= Exercise =
Only the lines from the top of the records below through the line containing "#gaster https://t.co/RHZr0VCuND" should be printed, exactly and without pictures.

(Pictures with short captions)
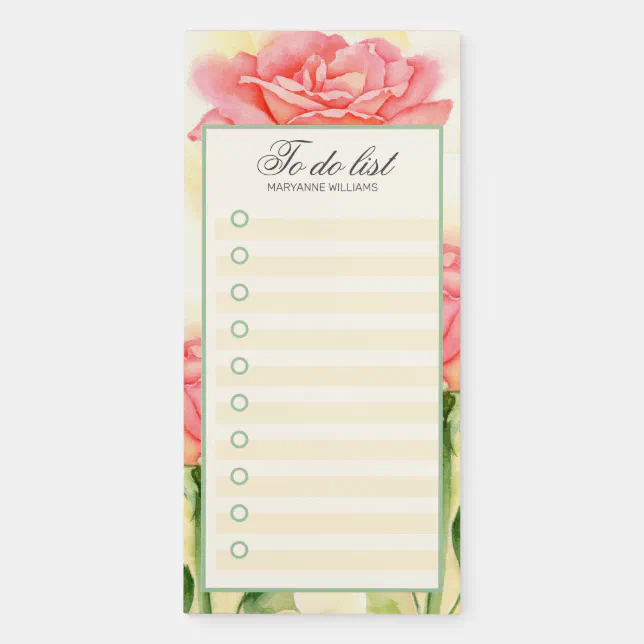 To Do List Name Pink Rose Floral Watercolor Stripe Magnetic Notepad ...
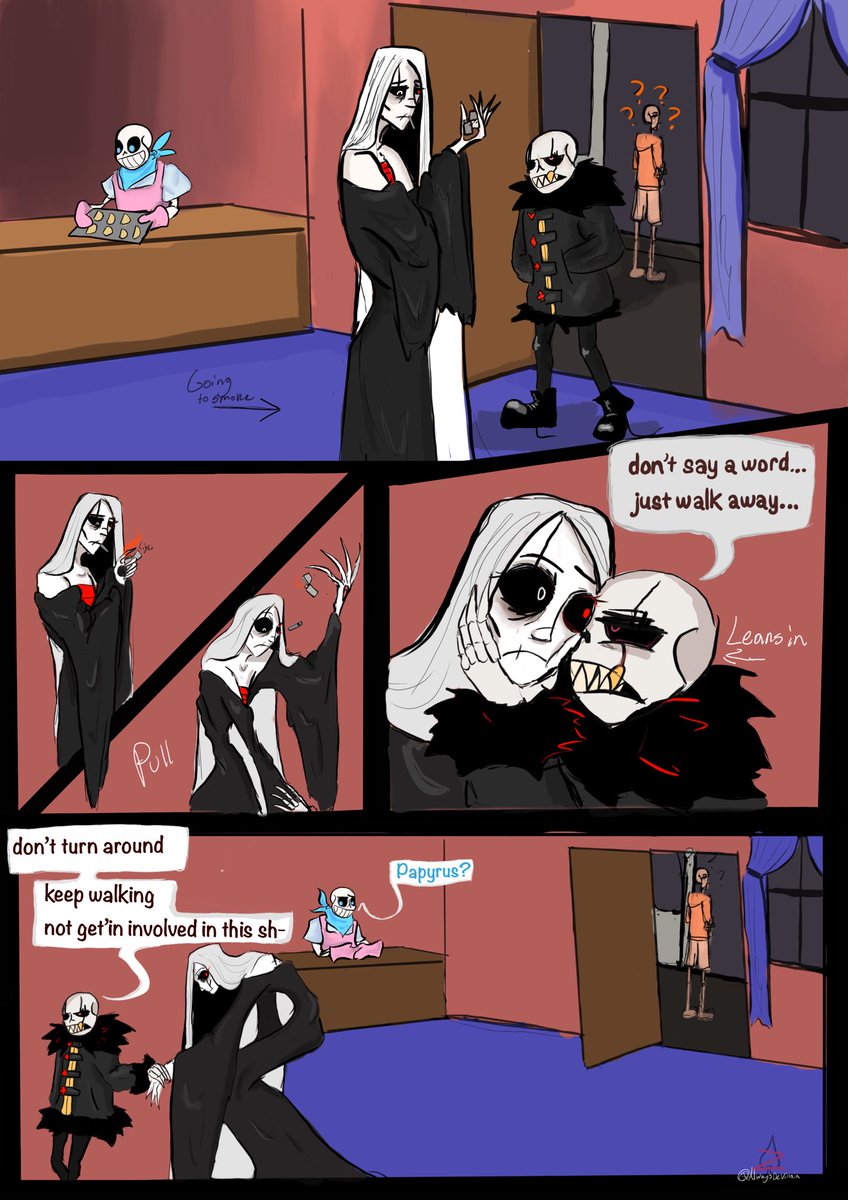 AlwaysDeVillain's tweet photo. Part of a art chain on my tumblr but wanted to share because I love the faces so much

#artchallenge 
#undertale 
#undertaleau
#underswap 
#underswap_sans
#creaturetale
#sans 
#gaster https://t.co/RHZr0VCuND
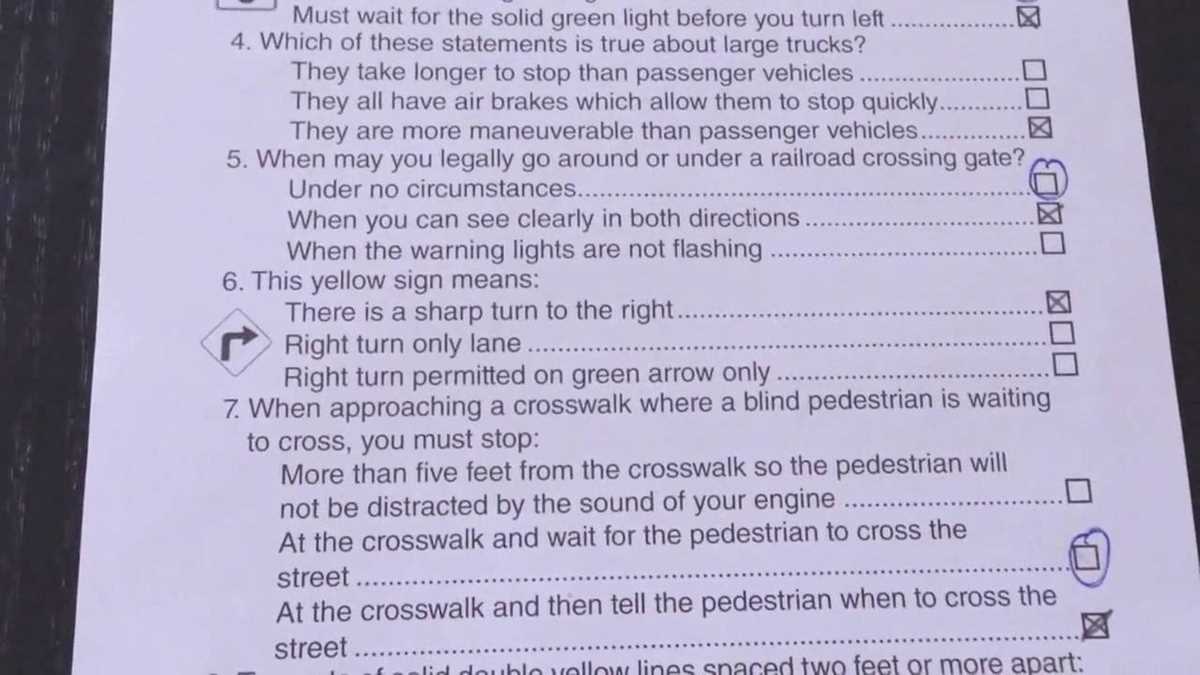 dmv written test answers california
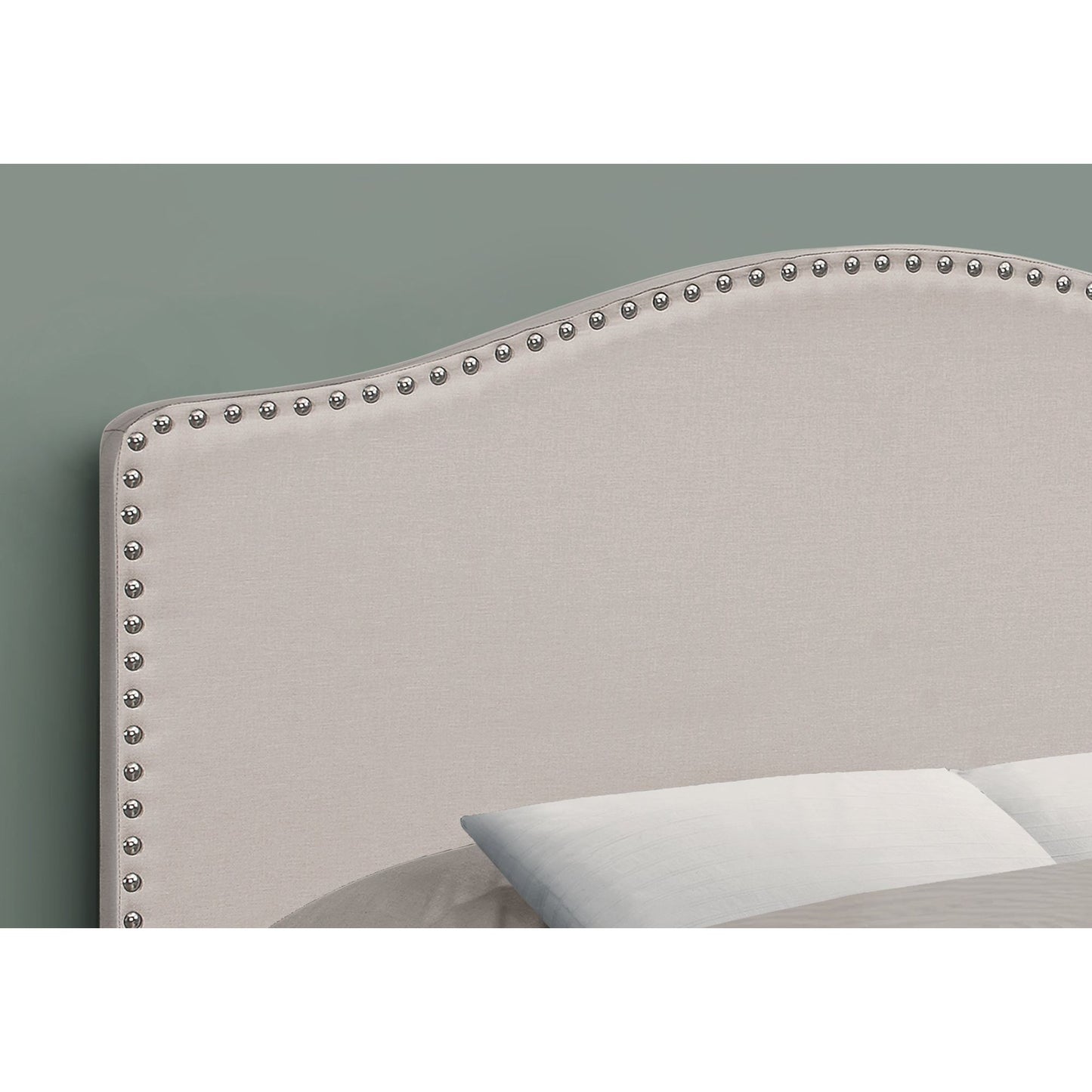 Bed - Full Size / Beige Linen Headboard Only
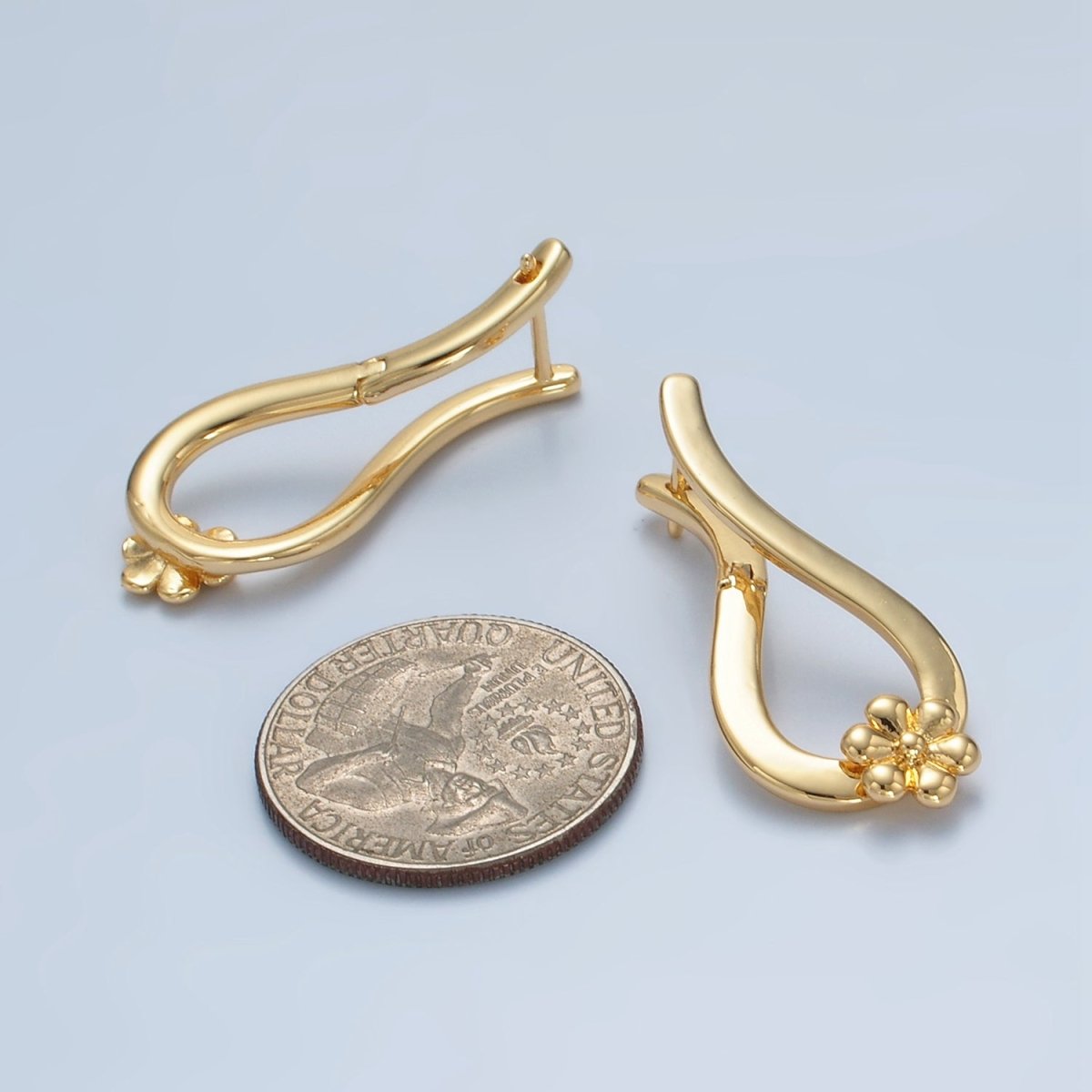 24K Gold Filled 35mm Flower Curved Band English Lock Earrings | AD726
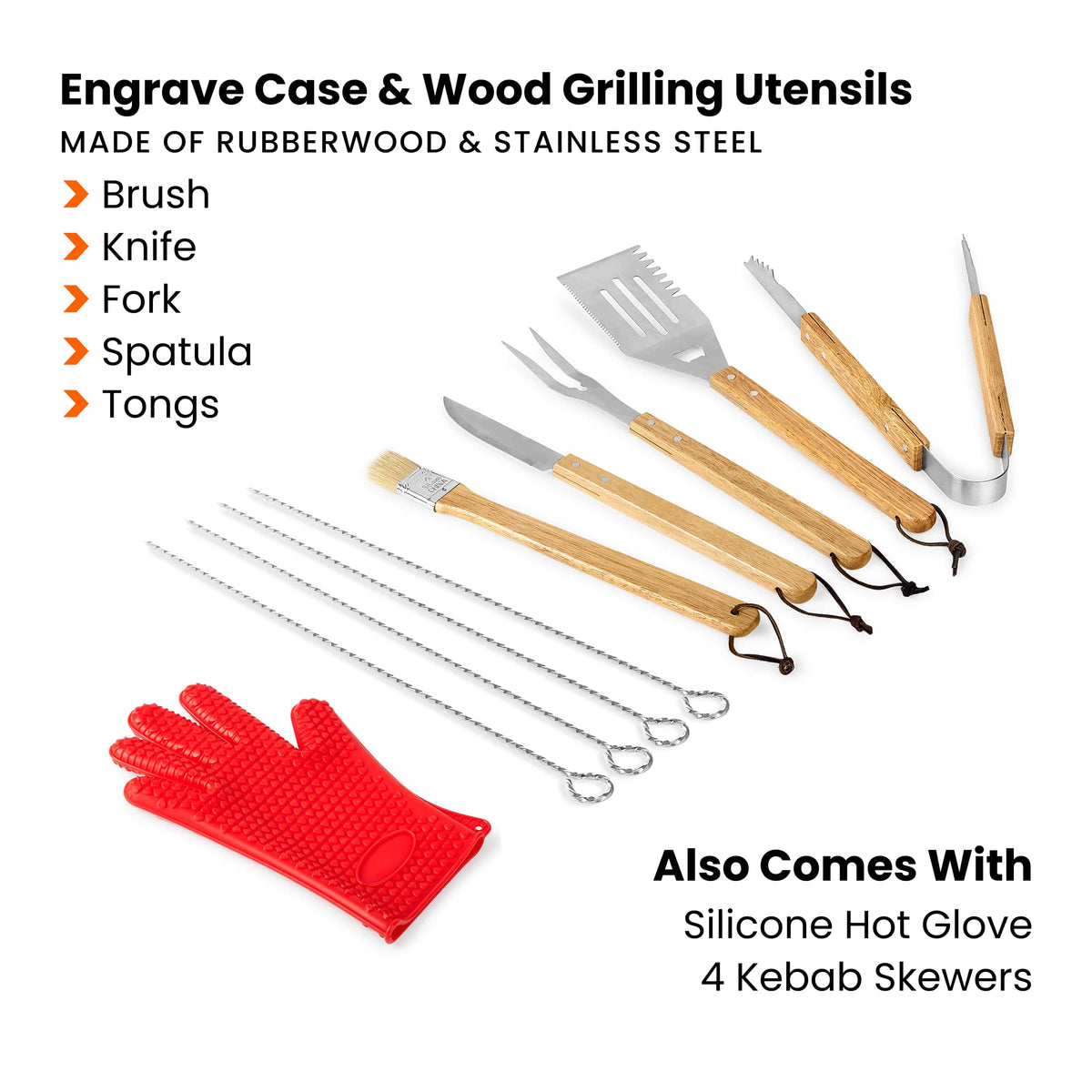 11-piece BBQ grill set contents: rubberwood and stainless steel utensils, glove and skewers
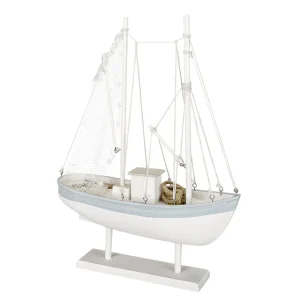 Sommerdeko^DecoWoerner Segelboot 60 Cm X 43 Cm X 14 Cm weiß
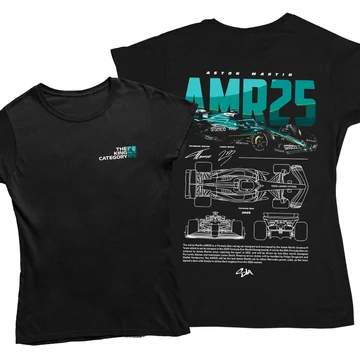 Aston Martin AMR25 női póló - Fekete (alap)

= Response area =
 To Do List Name Pink Rose Floral Watercolor Stripe Magnetic Notepad ...
 AlwaysDeVillain's tweet photo. Part of a art chain on my tumblr but wanted to share because I love the faces so much

#artchallenge 
#undertale 
#undertaleau
#underswap 
#underswap_sans
#creaturetale
#sans 
#gaster https://t.co/RHZr0VCuND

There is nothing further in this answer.